3.彼女になれますか?(AKB48チームK)

決勝

OP.ポピパッパパー(乃木坂46)

1.命は美しい(乃木坂46)

2.ガールズルール(乃木坂46)

3.彼女になれますか?(AKB48チームK)

(衣装)
敗者復活戦:白黒チェックのワンピース

決勝:植物柄の白色のワンピース

(映像:製作者であるやまも氏(@gegegeyamamo)から許可を受けて掲載しております。)

(敗者復活戦)

(決勝)

 まず、敗者復活戦の1曲目からフォーメーションのブレこそあったものの、激しさがあり、「ダンスパフォーマンスを見せつける」という姿勢が感じられた。

 そして、2曲目はシンクロの完璧さ等の高いダンススキルが求められるサビの部分を上手くこなしており、 ダンススキル面での伸びが圧倒的であった。

 最後はチーム名とも関連の深い「彼女になれますか?」だったが、メンバーの理想のデートを収録した背景映像を含めた上で、うまくセットリストを着地させていたのが印象的であった。

 このような「映像・衣装の城カノが"ダンス"を見せつける」というメッセージが観客に上手く伝わったためか、予選は見事トップ通過。

 トップ通過を経て、臨んだ決勝のトリでは、事前に告知していた原点とも言える「乃木坂46」を前面に出したセットリストで、観客を魅了していた。

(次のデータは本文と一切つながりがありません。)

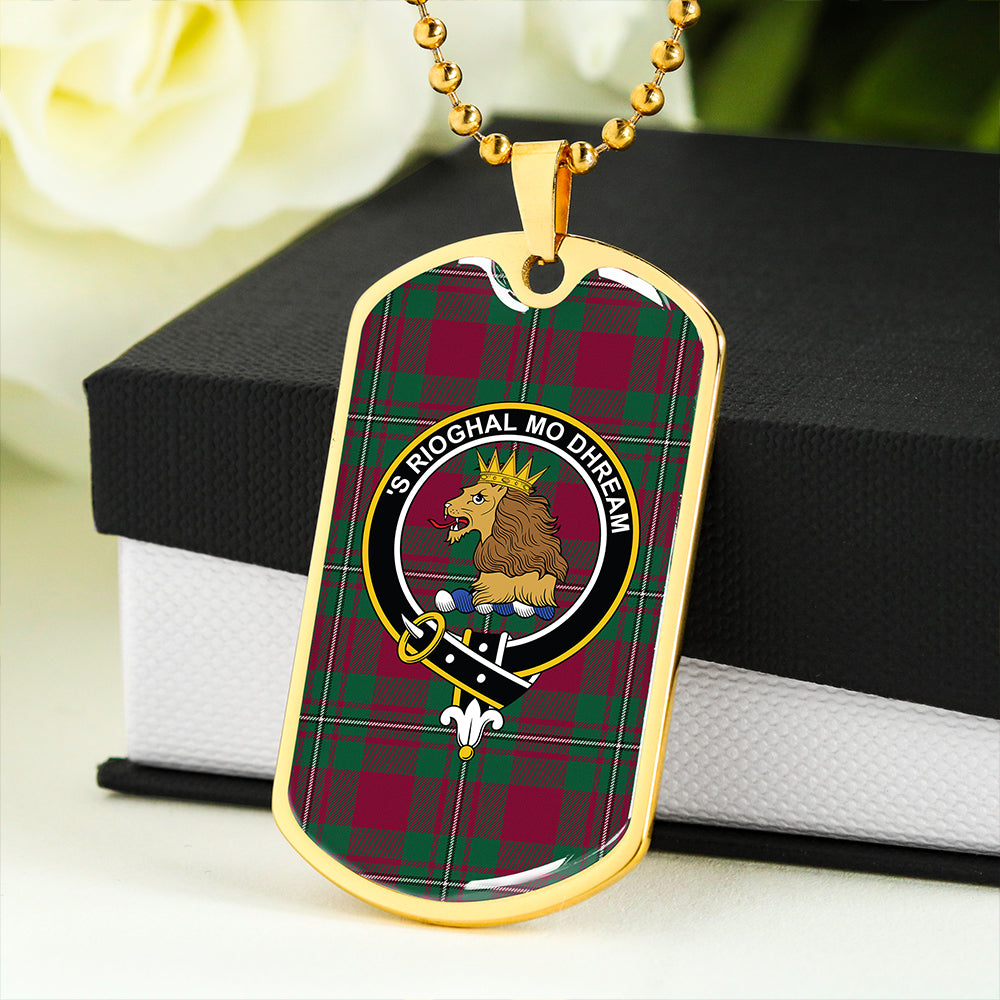 MacGregor of Cardney (Gregor of Cardney) Modern Clan Badge Classic Tartan Dog Tag Necklace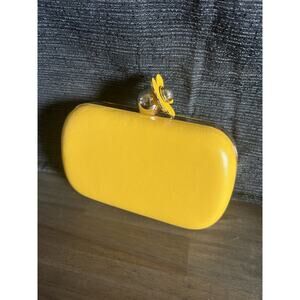 Kate Landry Yellow Hard Shell Clutch Flower Ball Clasp Closure Rare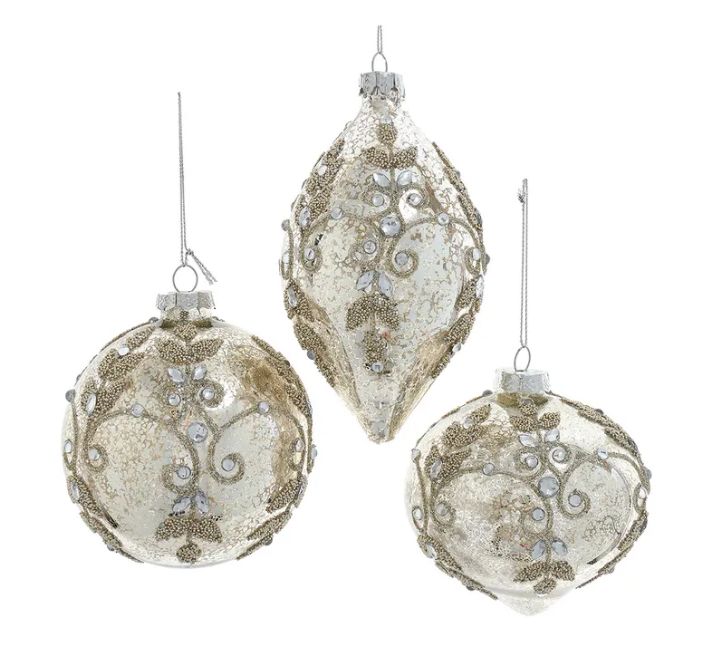 Mercury Glass Ball, Drop &amp; Onion With Gemstones Ornament, EACH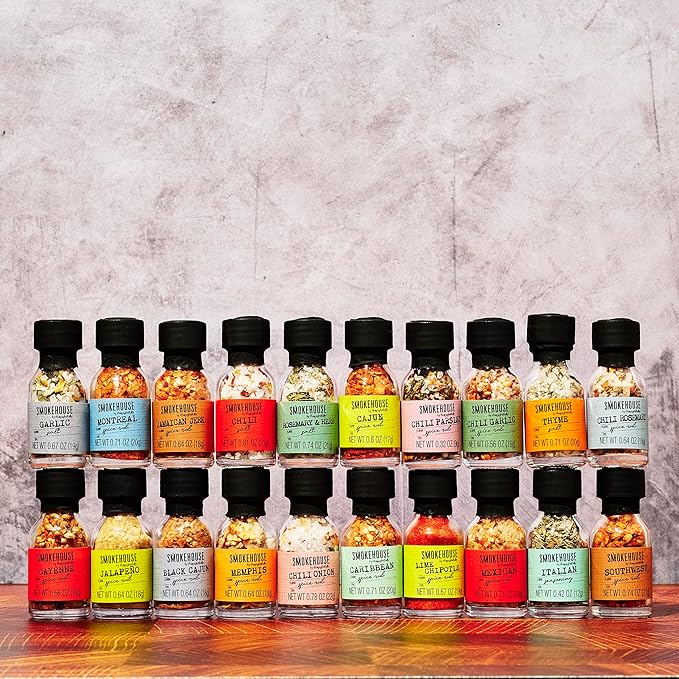 Smokehouse by Thoughtfully, Gourmet Ultimate Grilling Spice Set with Father’s Day Wrap, Includes 20 BBQ Seasonings & Rubs Like Chili Garlic, Italian, and Cajun, Gift for Dad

 特に前回の敗者復活戦でも披露した命は美しいは今回初めて城カノを見る人も昔から城カノを見る人も圧巻した。

 このチームは前回大会から追ってみて、大会ごとに様々なものを見せてくれるチームなのだが、今回は就職活動に伴って初めて”次世代”がメインになる大会だけあってか、freshの4位入賞も踏まえて、"下克上"が一番期待できたチームであった。

 今回の決勝進出は敗者復活戦1位通過を経ての事であったため、ファン並びにチームにとって今回の大会は100%の出来とはいえなかったかもしれないが、歴代の敗者復活戦1位通過のチームには

・第3回敗者復活戦1位通過後、2大会連続で準優勝を勝ち取ったドルクラ

・第4回敗者復活戦1位通過後、第1回fresh優勝、第5回2部1位通過&優勝を果たしたCopia

といった具合で、その後の大会において強豪チームに名を連ねることとなったケースがある。

 更に、今回は最終的に総合6位という結果となり、敗者復活戦から勝ち上がったチームであっても、ストレートで勝ち上がったチームと対等に渡り合えることを証明してくれた。

 それに、このチームには様々なイベントを通じて獲得した「ユニドルそのもの以上に城カノが好き」というファンが多く、関西ユニドルの強豪Cotton candyや関西ユニドルの新星Pichicartに通ずるものがある。

 したがって、城カノは夏大会において100%どころか200%の出来が期待できるであろう。